Year of the Comet (1992), directed by Peter Yates.
Not to be confused with Night of the Comet (1984).
Inventorying a wine collection at a remote Scottish castle, a professional oenophile and a corporate trouble-shooter get mixed up with a dapper French villain who is pursuing some sort of secret formula for which he will torture and kill. Result: romantic comedy wisecracking and old-school boat, helicopter and motorcycle action from Loch Ness to the Riviera.
Directed by the experienced Peter Yates (Bullitt (1968), The Friends of Eddie Coyle (1973), Mother, Jugs & Speed (1976), Krull (1983)) and written by the great William Goldman (Butch Cassidy and the Sundance Kid (1969), Marathon Man (1976), A Bridge Too Far (1977), The Princess Bride (1987), The Ghost and the Darkness (1996)), photographed by Roger Pratt (Brazil (1985), Mona Lisa (1986), The End of the Affair (1999)) and filmed in lovely locations in Scotland and France...
...it was a total flop, a box office disaster that has since hit 0% at Rotten Tomatoes almost without anyone noticing it ever existed.
This was Goldman's project. He has a short sorrowful chapter on it in Which Lie Did I Tell?: More Adventures in the Screen Trade where he admits that it was not some sort of near miss that fell just short: "No, lads. I am talking about the whiff, the stiff, the stinker, the all-out f***ing fiasco".
Test audiences were walking out in the first minutes. He figured it was because few people shared his passion for red wine, so they shot a new opening where the hero says he also hates red wine. Audiences still hit the exits. Sometimes films only find their audiences after they've been out for a while, but when Goldman's daughter admitted she hadn't bothered to see it he understood it wasn't going to happen.
A study in film forensics: What went wrong, and what could have been done?
Leads Penelope Ann Miller and Tim Daly are likable enough, but lack the star power needed to drive the story. On the other hand if the film had been successful it might have made them stars.
Daly seems to be trying for a Selleck/Magnum character who appears bone-headed but is secretly very sharp. It needs more work.
A lot of the quips are stale. Maybe some script doctoring by fresh eyes would have helped. Wit isn't easy.
Goldman said he wanted Charade (1963). Is it possible the director and stars were just unfamiliar with the action-and-battling-lovers romantic comedy genre? (He also says Hollywood has lost billions trying to copy a writer's favorite movie).
What about some sort of opening hook, a Bond-like prelude to keep the audiences in their seats? The exciting (?) history of the rare bottle of wine, intertwined somehow with the quest for the secret formula? Mysteriously related at first, made clear later?
Despite gorgeous locations in Scotland and France, the film often has a sense of cheapness.

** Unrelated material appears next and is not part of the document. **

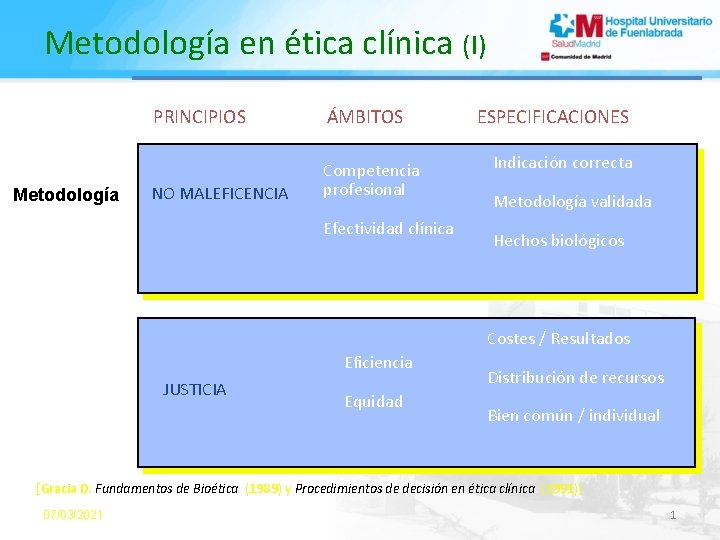 Metodología en ética clínica (I) Metodología PRINCIPIOS ÁMBITOS NO MALEFICENCIA Competencia profesional Efectividad clínica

Their helicopter is from Dollar Rent-a-Chopper (really, it has the big logo) which is realistic, but doesn't help the fantasy.
Sometimes the looped dialogue sounds like it is coming from a dead studio space.
Notes:
The ageless Louis Jordan is 70 here and seems to be having a blast as the witty villain. His last picture; he lived in retirement for another 23 years.
Art Malik, Nick Brimble and Ian McNeice are familiar faces in British TV and movies.
The French chiropractor is playing a country tune: "I Just Need a Pick-axe to Break Your Heart of Stone".
There really is folklore that bright comets make for good harvests, particularly of wine grapes for comet vintages.
The huge bottle of Napoleon's favorite red supposedly dated from the Great Comet of 1811.
Now, finally, a confession: about 20 years ago my wife and I adopted this one as the poor little bad film we like more than it deserves. We never saw it in the theater, just on VHS from the local mom & pop rental place. I don't think it ever had a proper North American DVD, so we imported a PAL DVD, and even that was cropped from 2.35:1 to 1.33, proof there really are people in the business who hate movies.
If I had to pick the least likely / no fan base / forgotten because it was never known title to receive a Blu-ray release, this would be it. And yet, it is now...
Available on Blu-ray from Twilight Time, their usual limited edition of 3000. Why this most boutique of specialty Blu-ray houses decided to commemorate the twilight of physical media with this obscure title: I don't know, but am grateful. Shocked, but grateful.
Subtitles and isolated score, but no other extras. TT regular Julie Kirgo provides a little booklet essay to to the effect of "don't worry, be happy, enjoy". What else can you say?
We gasp: look at wide image, all that movie we were missing! And the detail on those lovely tweeds and sweaters... It does seem like a different movie when you can see the whole thing, as intended. Not a good different movie, mind you.